Artists
I get deep: DJ Deep
The mainstay of French dance music on how technology has shaped him and the music he loves
If ever there was a true stalwart of the French techno and house underground it’s DJ Deep. Known to his mum as Cyril Étienne des Rosaies, he’s been an associate of Laurent Garnier since the early 90s and has a long association with the city’s legendary Rex Club, plus seminal Parisian parties like Oz and Zoo at Club Boy and Le Palace respectively. A series of EPs as The Deep saw his music embraced by original US house dons such as Louie Vega, and he went on to achieve further success with mix albums on Distance Records. And like any DJ or producer with such a long love affair with dance music, that passion extends to the machines that help make and play music.
“I’ve always had a feeling that the machines from the early days of techno really influenced the sound,” he says. “Those Detroit musicians put their hands on equipment which had often been discarded by other musicians – [Roland] TR-909s, TR-808s and Juno keyboards. Somehow the meeting of those specific instruments with those musicians created a unique sound. I was really in love with the early Transmat records of Derrick May and Carl Craig. We heard them as landscapes of tomorrow, of the future. Twenty years later, hearing those same sounds recycled, I can’t help but ask: what does that mean now? Where is it going?”
Perhaps this has been the impetus behind the explosion of activity from this most debonair yet unpretentious of DJ-producers. In recent years his pairings with Roman Poncet, as the techno outfit Adventice, and the more experimental Sergie Rezza, have drawn plaudits, both in the live arena and for their recorded output (on Berlin techno mecca Tresor and Paris imprint Desire, respectively). Deep recalls Sergie Rezza’s concert debut, three years ago at the Institute du Monde Arabe in Paris, as an extraordinary and exciting experience. He takes pride in the way his projects combine old and new technologies.

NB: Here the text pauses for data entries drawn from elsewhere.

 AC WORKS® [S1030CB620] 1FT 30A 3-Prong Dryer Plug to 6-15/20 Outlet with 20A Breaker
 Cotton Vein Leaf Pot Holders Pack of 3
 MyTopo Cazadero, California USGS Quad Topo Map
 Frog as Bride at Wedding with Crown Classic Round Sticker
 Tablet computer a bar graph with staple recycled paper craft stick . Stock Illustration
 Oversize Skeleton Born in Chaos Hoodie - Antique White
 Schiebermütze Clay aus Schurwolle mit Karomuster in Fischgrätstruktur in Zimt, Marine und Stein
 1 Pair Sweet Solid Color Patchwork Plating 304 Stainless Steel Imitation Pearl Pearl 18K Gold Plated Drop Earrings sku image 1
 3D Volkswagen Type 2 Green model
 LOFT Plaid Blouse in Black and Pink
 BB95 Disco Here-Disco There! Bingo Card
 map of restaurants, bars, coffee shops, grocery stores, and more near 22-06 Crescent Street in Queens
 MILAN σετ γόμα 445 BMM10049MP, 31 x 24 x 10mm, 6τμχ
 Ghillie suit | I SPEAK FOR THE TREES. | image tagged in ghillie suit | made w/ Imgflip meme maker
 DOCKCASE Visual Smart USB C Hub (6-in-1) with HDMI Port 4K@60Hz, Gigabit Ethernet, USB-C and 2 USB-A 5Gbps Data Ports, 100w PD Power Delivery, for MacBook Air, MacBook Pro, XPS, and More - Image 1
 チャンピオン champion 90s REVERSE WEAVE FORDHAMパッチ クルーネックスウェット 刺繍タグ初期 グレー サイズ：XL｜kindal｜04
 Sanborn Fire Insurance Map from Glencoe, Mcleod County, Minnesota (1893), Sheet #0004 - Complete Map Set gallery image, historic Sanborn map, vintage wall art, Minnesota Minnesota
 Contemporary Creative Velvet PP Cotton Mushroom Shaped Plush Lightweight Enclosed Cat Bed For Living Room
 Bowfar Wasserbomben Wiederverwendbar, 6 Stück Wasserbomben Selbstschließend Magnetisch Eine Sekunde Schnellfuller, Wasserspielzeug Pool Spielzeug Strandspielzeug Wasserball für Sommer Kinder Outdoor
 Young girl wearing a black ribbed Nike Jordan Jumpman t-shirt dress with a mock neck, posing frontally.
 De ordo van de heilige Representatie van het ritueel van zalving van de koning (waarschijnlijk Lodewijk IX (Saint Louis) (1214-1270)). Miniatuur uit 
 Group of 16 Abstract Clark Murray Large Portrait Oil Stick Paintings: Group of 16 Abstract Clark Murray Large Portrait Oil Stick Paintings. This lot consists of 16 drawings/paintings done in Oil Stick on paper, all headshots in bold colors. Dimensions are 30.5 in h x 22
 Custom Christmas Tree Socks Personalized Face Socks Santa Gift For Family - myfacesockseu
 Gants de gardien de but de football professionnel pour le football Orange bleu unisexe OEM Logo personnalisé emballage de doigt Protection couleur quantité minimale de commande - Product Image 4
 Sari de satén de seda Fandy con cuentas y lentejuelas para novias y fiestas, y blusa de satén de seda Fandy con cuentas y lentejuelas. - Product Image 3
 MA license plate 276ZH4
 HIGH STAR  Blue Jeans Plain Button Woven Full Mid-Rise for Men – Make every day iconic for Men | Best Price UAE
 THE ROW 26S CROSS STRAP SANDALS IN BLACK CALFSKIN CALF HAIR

“We draw from both worlds,” he says. “Ableton Live is our main sequencer but I love old samplers such as the Ensoniq EPS or ASR series, also the Ensoniq DP/4 Multi-Effects Unit or the Eventide H3000. That’s the sort of vintage equipment we like to combine with the digital world. We have the [Akai] MPC1000 for the road as it’s easy to load samples from different origins.
We have two or three drum machines, usually two [Roland Aira] TR-8s because they’re reliable and easy to use, plus a [Roland Aira] TB-3 for acid parts. We don’t carry around our original [Roland] TB303. And there’s a set of two Livid DS1 controllers, as we feel their faders have a bit of an organic touch, and a Midas Venice F24 as our onstage mixer.”
While Deep built his reputation on the dancefloors of Paris, more recently it’s his Deeply Rooted label that’s been getting him attention. With flavoursome releases from Jonas Kopp and Zadig, as well as a forthcoming showcase night at FUSE in Brussels in December, the labels’ on something of a roll. He also used to have a label called House Music Records that reissued lost classics but the admin side became too much hassle. Staying true to the underground roots of techno and house remains supremely important, though, as is made clear by his love of vinyl.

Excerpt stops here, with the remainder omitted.